THE EPIC OF THE CITY 
AS THE CENTURY TURNED, THE ASHCAN PAINTERS CHRONICLED A NEW FRONTIER: THE URBAN SCENE 
UNTIL ABOUT 1880, THE ACCEPTed epic subject of American painting was the Western frontier. By 1900 this had slid into nostalgia; it was no longer in synch with social reality. Most Americans lived in cities, and the myth of the West was just that: a myth, however durable. The real frontier was urban--a place of hitherto unimagined overcrowding, of cultural collision enforced by huge-scale immigration, of rapid change, where class ground against class like the imperfect rollers of a giant machine. Its epitome was New York City--Bagdad-on-the-Subway, as the writer O. Henry called it--a city in convulsive and continuous transition, bursting at the seams with high spirits, misery and spectacle. 
The painters who reported on it were nicknamed the Ashcan School by a critic in the 1930s, and the label has stuck. They were Robert Henri, John Sloan, George Luks, Everett Shinn, William Glackens and George Bellows, and among them they created the first art of urban America. The current show at the National Museum of American Art in Washington, "Metropolitan Lives: The Ashcan Artists and Their New York," is a fine introduction to their work. 
The group had formed around Henri in Philadelphia. Henri's original family name was Cozad--he was a very distant relation of Mary Cassatt--but his father, a riverboat gambler and property shark, had shot a man in Nebraska and had moved East and changed his name to escape the judge and jury. Young Henri (pronounced Hen-rye) became an artist through study at the Pennsylvania Academy of the Fine Arts in Philadelphia, which in the 1880s was still what its chief teacher, the great realist Thomas Eakins, had made it: the best place in America to learn direct, factual realist painting, based on incessant drawing of the naked body. 
Henri made a pilgrimage to Paris in 1888 and absorbed a fairly academic style of Impressionism during three years of study there. But it was his second trip to Paris in the mid-1890s that confirmed his direction as an artist. Dissatisfied with Impressionism as an art of insubstantial surfaces, he immersed himself in dark tonal painting, based on Manet and Frans Hals. He wanted the image to be not a shimmer of light but a lump in the mind, given urgency by slashing brushstrokes and depth by strong contrast. He liked Hals' vulgarity and reflected it in his portraits, one of the most spectacular of which is in this show--Salome, 1909, a portrait of a dancer known as Mademoiselle Voclezca. Her long leg, thrust out with strutting sexual arrogance and glinting through the overbrushed black veil, had more oomph than a thousand of the virginal Muses and personifications of Columbia painted by academics like Kenyon Cox. 

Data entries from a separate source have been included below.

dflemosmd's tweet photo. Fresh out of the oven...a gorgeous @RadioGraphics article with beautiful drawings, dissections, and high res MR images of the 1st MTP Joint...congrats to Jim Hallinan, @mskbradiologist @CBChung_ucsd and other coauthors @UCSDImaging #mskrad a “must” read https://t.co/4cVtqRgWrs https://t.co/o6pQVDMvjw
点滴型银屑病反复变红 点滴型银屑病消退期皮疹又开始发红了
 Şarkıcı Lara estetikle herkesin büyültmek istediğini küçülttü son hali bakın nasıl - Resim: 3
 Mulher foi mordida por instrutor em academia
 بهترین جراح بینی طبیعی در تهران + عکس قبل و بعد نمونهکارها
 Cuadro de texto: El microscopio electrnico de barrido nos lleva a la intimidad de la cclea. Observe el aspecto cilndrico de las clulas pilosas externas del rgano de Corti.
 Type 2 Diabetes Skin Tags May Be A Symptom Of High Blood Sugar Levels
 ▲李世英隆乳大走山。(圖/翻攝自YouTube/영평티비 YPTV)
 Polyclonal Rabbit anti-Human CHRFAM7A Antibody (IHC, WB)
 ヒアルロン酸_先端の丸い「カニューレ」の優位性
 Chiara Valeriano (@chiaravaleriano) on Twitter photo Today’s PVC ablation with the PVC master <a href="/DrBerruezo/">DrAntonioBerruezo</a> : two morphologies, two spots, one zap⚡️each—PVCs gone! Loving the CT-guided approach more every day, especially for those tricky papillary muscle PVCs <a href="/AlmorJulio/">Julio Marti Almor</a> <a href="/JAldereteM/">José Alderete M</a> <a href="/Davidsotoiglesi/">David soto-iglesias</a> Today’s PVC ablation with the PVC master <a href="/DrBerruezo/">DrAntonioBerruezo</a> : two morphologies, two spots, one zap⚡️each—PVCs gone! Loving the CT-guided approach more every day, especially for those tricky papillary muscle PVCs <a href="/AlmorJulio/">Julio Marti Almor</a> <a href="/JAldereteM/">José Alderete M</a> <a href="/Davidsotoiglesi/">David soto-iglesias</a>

In Philadelphia, Henri's worldly, rebellious, effusive nature made him a magnet to younger artists, most of whom worked as illustrators for the Philadelphia press--Sloan, Glackens, Shinn and Luks. They drank together, had long poker sessions, bellowed poetry at one another and argued late into the night. Sloan recalled 50 years later that Henri was "a catalyst, an enthusiast ... with the pioneer's contempt for cant and aestheticism." Moreover, he was genuinely interested in the young, and was to inspire several generations of students--not only his younger contemporaries like Sloan and Bellows, but Edward Hopper and Stuart Davis, the Dadaist Man Ray and, strange to say, Leon Trotsky, who briefly studied art at the Ferrer School in New York when Henri was teaching there. 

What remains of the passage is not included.